Video courtesy of Cherry Red Records 
All lyrics are copyright of their authors.



Tuesday 2 March 2021

A Midsummer Night’s Dream: The Cranberries - Dreams (1 November 1992)



You clear your lungs, girl. You’ll feel better for it. - John Peel after playing Dreams on this edition of John Peel’s Music.

My intricate plans for this blogpost all came crashing down around my ears once I started doing the research on it.  I had assumed that Peel playing one of the Cranberries best known hit singles was one of those examples in which he held hands with mainstream opinion and skipped gaily across an open field with it while acknowledging, “They’re good these, aren’t they?” But I found that I’d misremembered the chronology of the Cranberries story.  I was sure that they had arrived, pretty much as overnight smashes through late 1992/early 1993 with Everybody Else is Doing It, So Why Can’t We? sitting astride the top of the album charts for 2 years, top 10 hit singles all over the world and huge crowds attending their gigs in next to no time.  But the reality was that the huge success that the band enjoyed was a much more slow burning affair and rather than running hand in hand with mainstream opinion, Peel was, once again, metaphorically waving to it from a distance and pointing it towards the band, who would find it eventually catching up with them within a year.  He had, lest we forget, been playing tracks from their earliest EP and had them in for a Peel Session, making him possibly one of the first DJs outside of Ireland to play them.
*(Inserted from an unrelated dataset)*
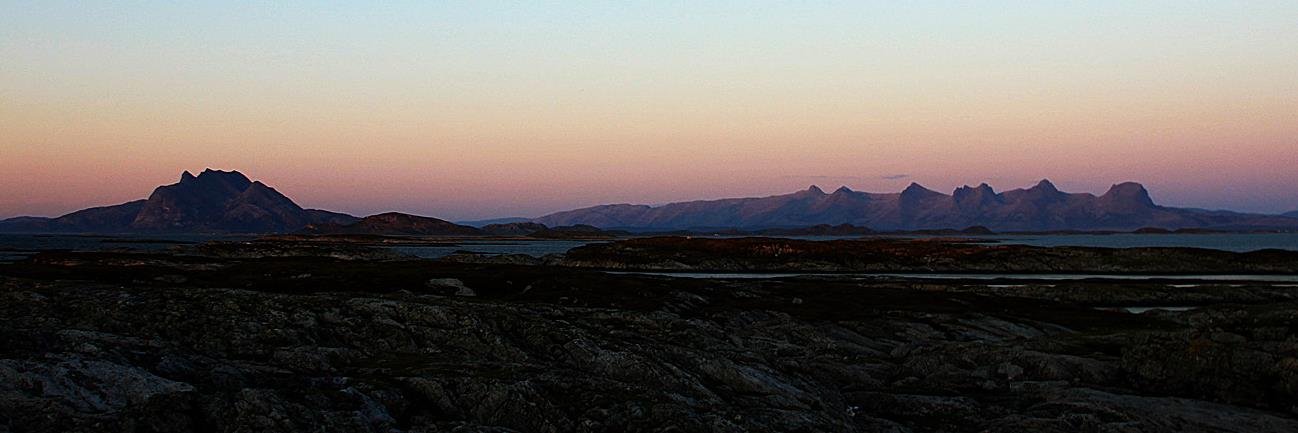 Trinema's profile banner image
The jigs and the reels of it are that Dreams was released in September 1992 and entered the charts with a bullet at...(checks notes)... did not chart.  That was followed by Linger, which just sneaked into the Top 75 UK hit singles chart.  The Everybody Else...LP was released in March 1993 and did respectable business until MTV started playing the videos for Dreams and Linger on heavy rotation, at which point sales went into the stratosphere, especially in the United States.  Dreams and Linger were both reissued in early 1994, though, again contrary to memory, neither broke the Top 10 in the UK.  Indeed, no Cranberries single ever did.  Dreams peaked at Number 27, which may be one of the reasons why for a long time I regarded it as good, but inferior to Linger which topped out at Number 14.  Over a year after it was released, Everybody Else is Doing It, So Why Can’t We? topped the UK album chart, just in time for the band to release their second album, No Need to Argue.  In 1994, they were probably the most exposed “new” band in the world.  But in late 1992, they were preaching to a small congregation outside of Ireland, and John Peel was one of them.

In a sense, Dreams is a song we’ve grown up with over the last 25 years or so.  It’s opening guitar washes and circling riff were a staple of “Coming up on Grandstand...” musical beds for many, many years. Listening back to it again over these last few days, I’ve been reminded of just how good a song it was in a way which its ubiquity at the time didn’t allow me to fully acknowledge.  I don’t consider it as Linger’s pretty but lesser talented sister anymore.  Dolores O’Riordan described it as being about the first time she fell in love.  If we consider Dreams as being about the thrill of falling in love and Linger about dealing with the messiness of love turning sour but keeping you bound to it, then I now see both tracks as equals and a smart piece of sequencing.